The first phase of the project consists of an exploratory period in which students and faculty are questioned about their interests in women’s, gender, and sexuality studies respectively. Information is being gathered about their interests in these topics outside of the university, their sense of how much these areas of study are being covered in the existing curricula, and their wishes for the future. For instance, should a degree be offered in women’s and/or gender studies? What specific topics in women’s, gender, and sexuality studies should be covered in university courses? The second stage of the project concerns an evaluation period followed by the implementation of student and faculty wishes within the scope of the cultural studies module. This will be followed, in the third stage of the project, by a lecture series in which external experts will speak about implementing women’s/gender/sexuality studies in their own institutions and about the political implications of pursuing a more women’s or gender studies trajectory of scholarship. Courses in the project which will be taught in the WS 2010-2011 include: Dr. Nadia Butt: “Oral and Written Communication II (Lektürekurs): "'Travelling Women': Construction of Gender in Indian Women's Writing"."

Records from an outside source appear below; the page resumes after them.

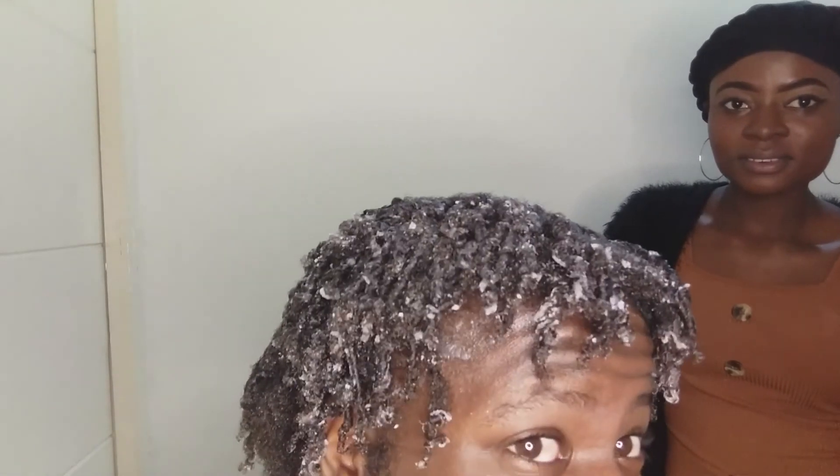We're done with the application of the vaseline. As you can see, the coils are popping — the coils are popping!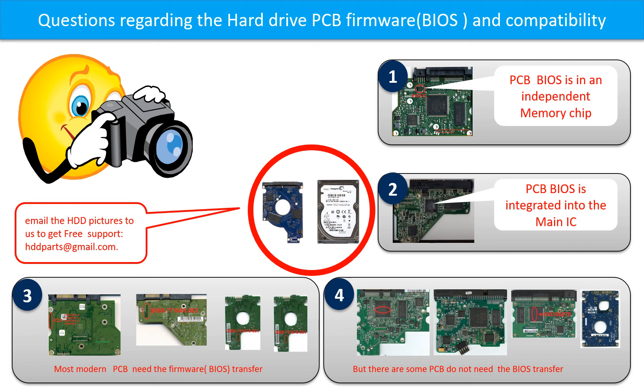However, there are some hard drive PCB boards that do not need the BIOS transfer. As long as the donor boards are identical with the original boards, you can swap the boards directly. The fourth picture shows some of these kinds of boards. If you have any questions, such as how to find a donor board, whether your board needs to do the BIOS transfer, where the BIOS of your PCB board is, or how to swap your PCB board, please go to www.hdd-parts.com to check it out.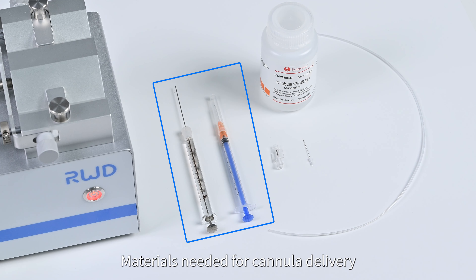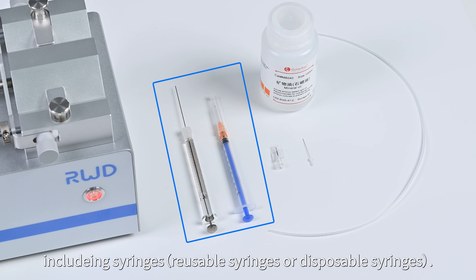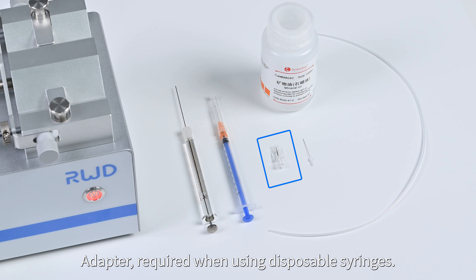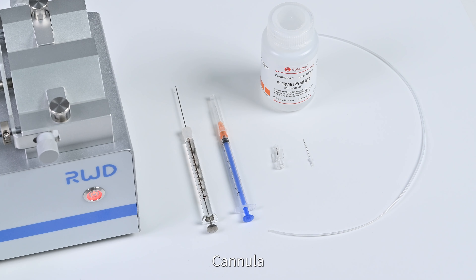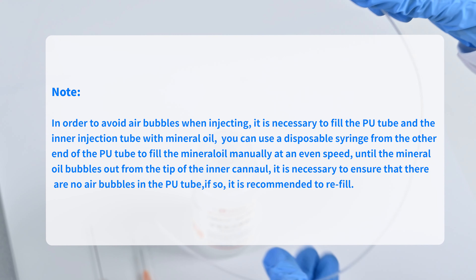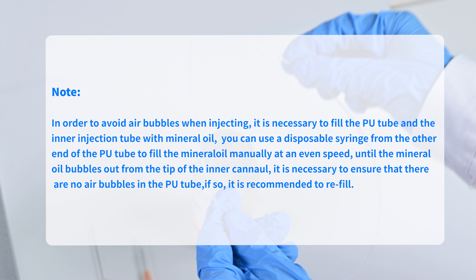Materials needed for cannula delivery include syringes (reusable or disposable), an adapter required when using disposable syringes, cannula, mineral oil, and PU tube. Connect the PU tube and internal cannula. To avoid air bubbles when injecting, fill the PU tube and inner injection tube with mineral oil using a disposable syringe from the other end at an even speed, until mineral oil flows out from the tip of the inner cannula. Ensure there are no air bubbles in the PU tube; if there are, it is recommended to refill.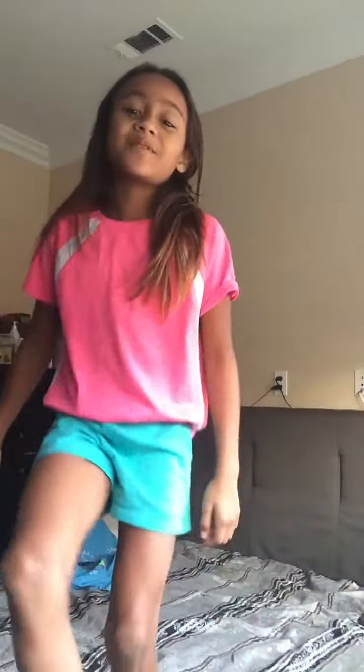Hey guys, what's up? It's Cheyenne from Cheyenne's Blog. Today I have some exciting news — I learned how to do a back handspring! So today I'm going to be showing you guys what a back handspring is. Let's get going.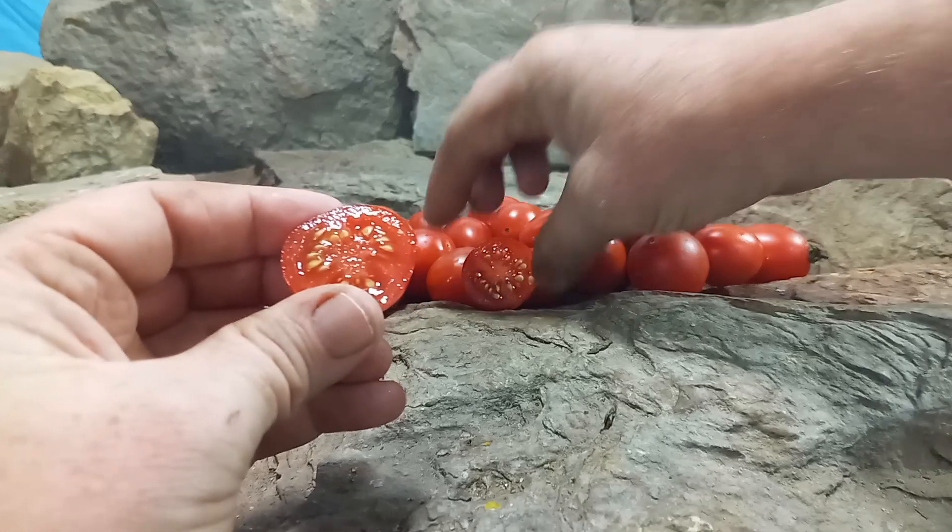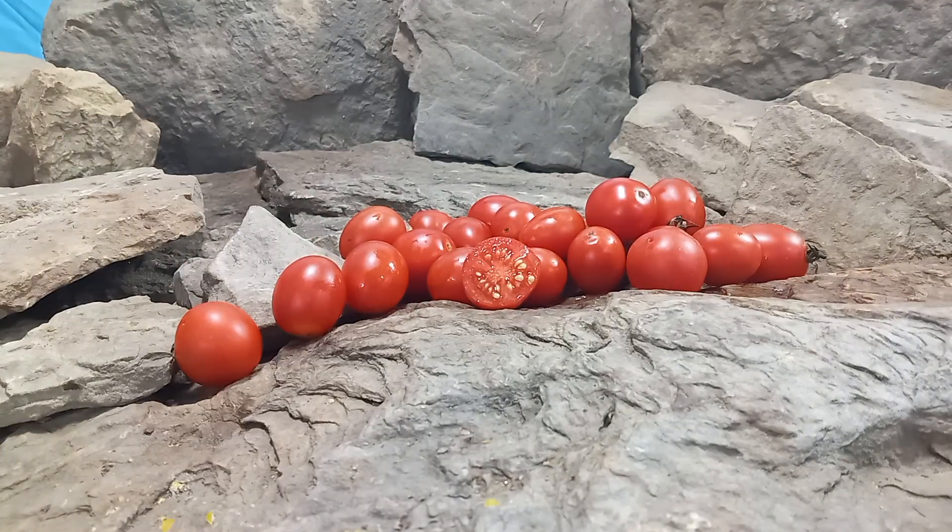Let's give it a try and see what the flavors are like. Mmm. It's sweet and fruity — no acidic taste to it at all. That's hard for a red tomato; normally they have some sort of acidity most of the time. But this is just sweet and fruity — a great snacking tomato.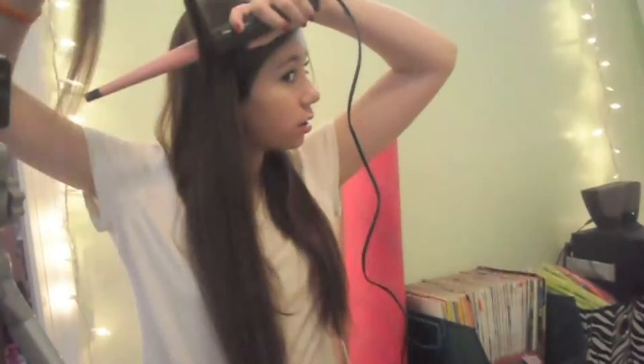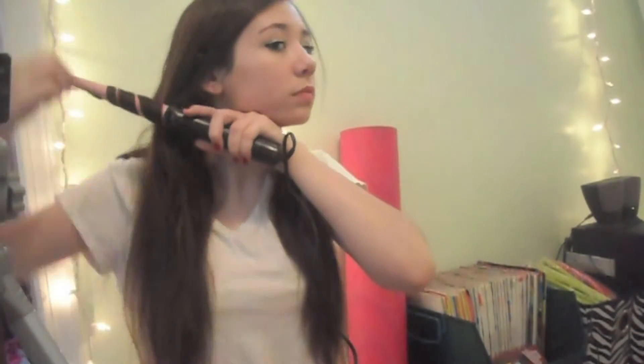I've done like three tutorials on this already on how to curl your hair with this wand, but what I'm doing is I'm just curling my hair with the wand and I'm holding it for 10 seconds. If you want, I can link the tutorial that I already did on how to get these curls in the description below.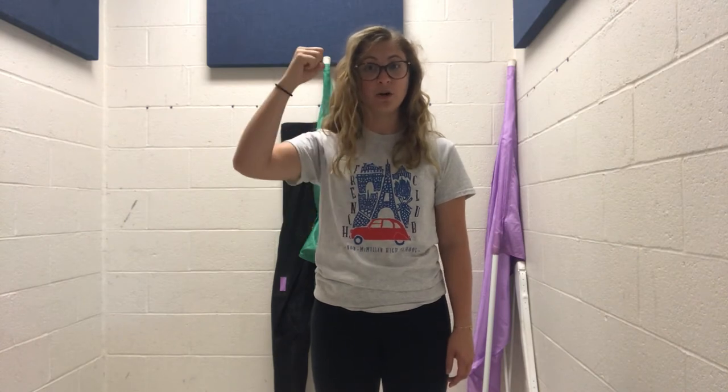So starting out, this is what it should sound like: do, re, mi, fa, sol, la, ti, do.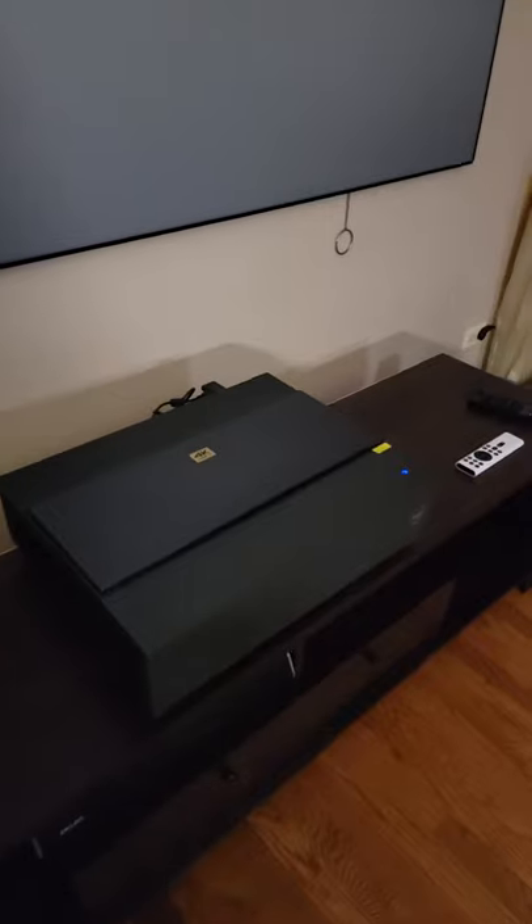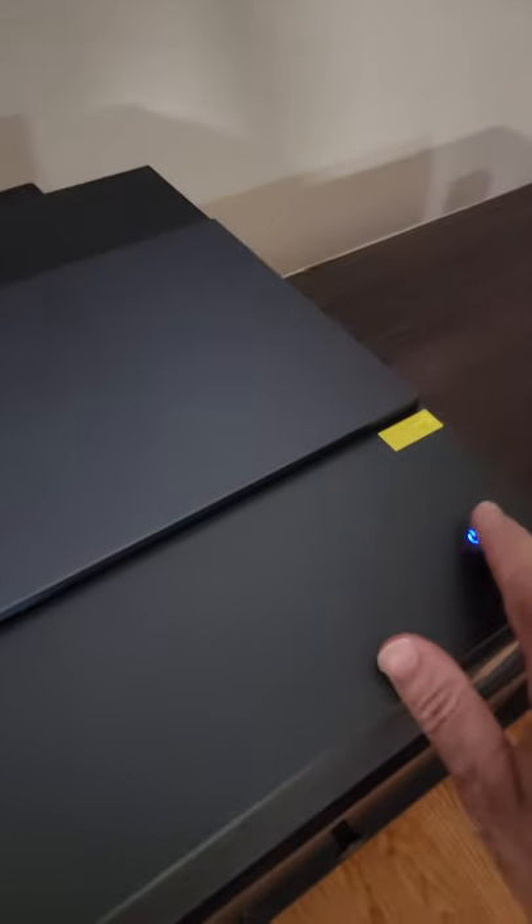Hey guys, EVP Man here. Now we've reviewed a lot of projectors on the channel, but if Batman or Iron Man were to have a projector, it would look like this. Now check this out — this is the BenQ 750i 4K ultra short throw projector.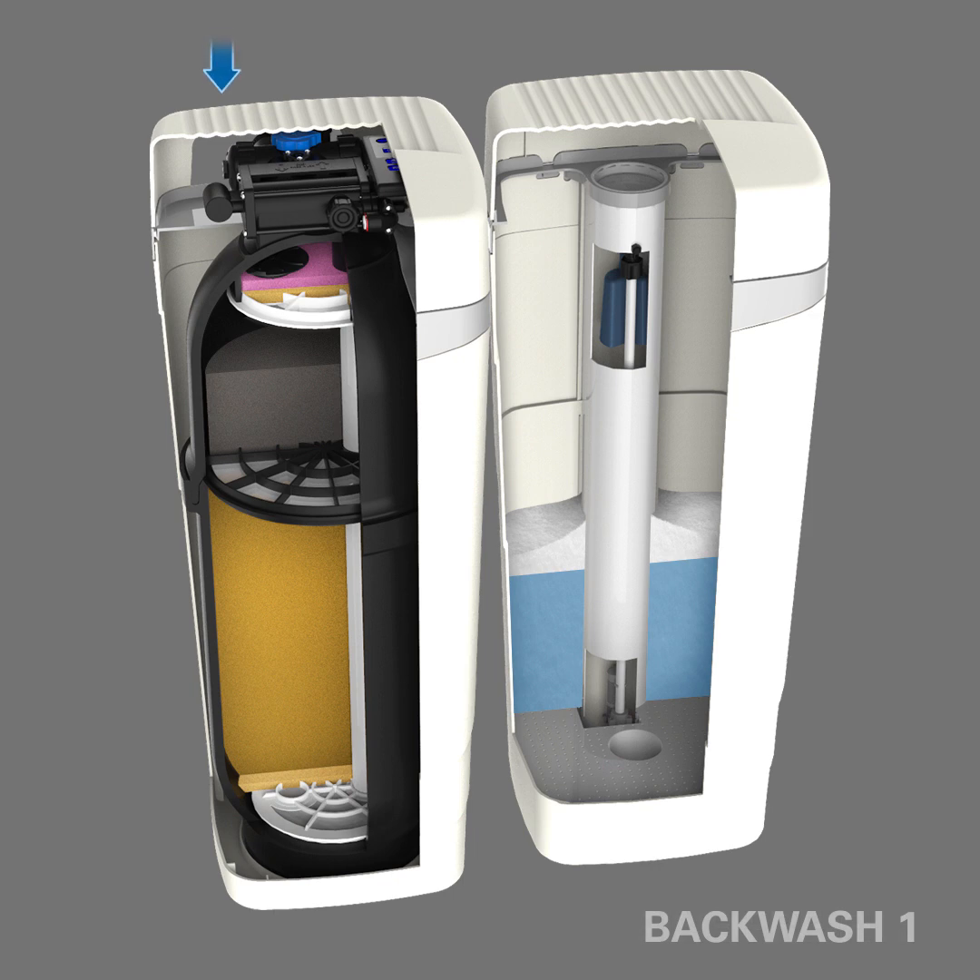The next step in the regeneration process is Backwash 1. The first backwash cycle occurs when raw water enters the media tank and travels down through the distribution tube. Then the water flows up through the medias inside. This helps lift the material, agitate, and loosen it, to help clean off the particles captured by the media. The particles in water are flushed out the drain.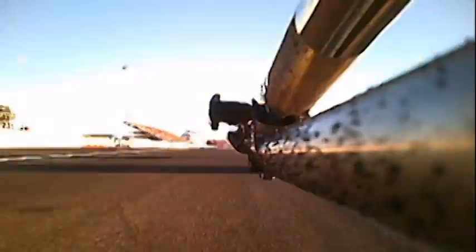Drag racing is all about going fast, but you also have to stop safely. I've seen accidents happen at the racetrack because of chutes not opening and someone crashed as a result. Today I'm going to show you some of the methods I use to pack my own parachute. Let's get started.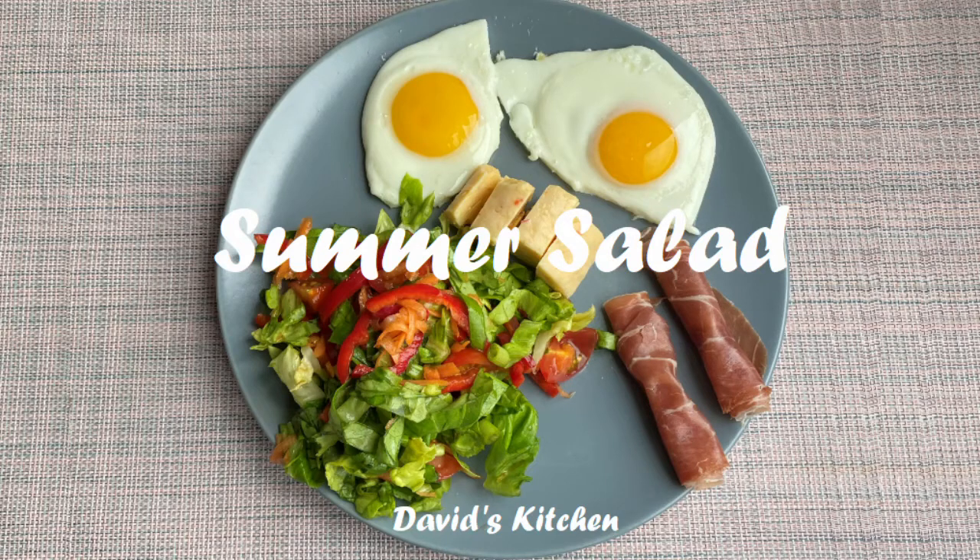Hello and welcome to Davies Kitchen. Today we will make summer salad and I invite you to stay with us to see the ingredients and how to prepare.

To begin their second module, students will be given
the opportunity in this course to put to good use what they learned throughout
their Introductory Language Module and have studied independently since then.
Presuming them to have a strong grasp of all the grammar, vocabulary, and
transferable skills covered in that module, this course seeks to give students
an insight into “Travelling Women’:
Construction of Gender in Indian Women’s Writing.” By focusing on language
patterns in two novels and a short story by three contemporary women writers of
Indian origin, this course aims to address the representation of ‘travelling
women’ in literature. The course demonstrates how Empire and globalisation as
the biggest historical and social phenomena are conducive to encouraging people
especially women from India, from
the Caribbean, from Britain, to name but a few, to leave their homeland in
search of love, adventure, a better life, or merely self-knowledge. How women
characters undertake this search as they make a journey to unknown lands will
be our main concern in relation to the construction of gender within the domain
of literature. Furthermore, how
these travelling women represent new cultural reconfigurations across fixed
‘national’ and geographical borders while contending with local and foreign cultures,
sexuality and moral ethos, individuality and family norms. We will thus discuss these texts as an
interesting medium of depicting the female protagonists as caught between
different countries and continents on the one hand; and of offering profound
reflections on present-day cultural translations on the other. Through this
cultural focus, the course aims to hone students' skills in comprehension and
logical thinking, to fine-tune their spoken language through presentation as
well as discussion, and systematically to eliminate linguistic errors commonly
made by German students of English. The following novels and films will be used in this course: Dr. des. Birte Christ: “Applying Feminist Theory to Literature”This seminar will do two things at once: It will provide you with an introduction to feminist theory and at the same time show you how feminist theory has been applied to literature and how it can enable you to read literary texts through different theoretical lenses. Consequently, we will read theoretical texts alongside literary works. Our survey will start with excerpts from Kate Millet’s pioneering work of feminist literary criticism, Sexual Politics (1970) read alongside excerpts of Norman Mailer’s novel An American Dream (1965) and Sandra Gilbert and Susan Gubar’s classic The Madwoman in the Attic (1979) read alongside Charlotte Brontë’s novel Jane Eyre (1847). We will then cover theory which, at first sight, does not seem to have much to do with literature, such as Andrea Dworkin’s criticism of pornography, or Judith Butler’s theory of the performativity of gender, sex, and sexuality and read it against literary texts; and move on towards texts in which literature and theory merge, such as Monique Wittig’s The Lesbian Body. The seminar will also familiarize you with different schools of feminist (literary) theory and introduce you to central concepts of feminist literary criticism, such as the female Bildungsroman or the engaging narrator. Mirjam Horn: “Writing the Body”“But the body is deeper than the soul and its secrets inscrutable.” (E.M. Forster) Some of the mysteries that surround and inhabit our physique and their attending discourses will be the center of attention in this seminar. How do we perceive, experience, perform our bodies? Why are Westerners so obsessed with their looks, enhance some attributes – cleavage, muscles, hair – and hide others such as excrements, blood, or fat? And what have eventually literature and culture got to do with it? Assorted texts include Hélène Cixous’ understanding of écriture féminine, poetry by Emily Dickinson, Sylvia Plath, Adrienne Rich and Audré Lorde, “A Cyborg Manifesto” from Donna Harraway and other diverse textual (look forward to some theory…) and visual evidence of body representation up to the 21st century. Students are asked to read and think! Prof. Dr. Greta Olson: “The Seduction of Romance: From Pamela to Twilight”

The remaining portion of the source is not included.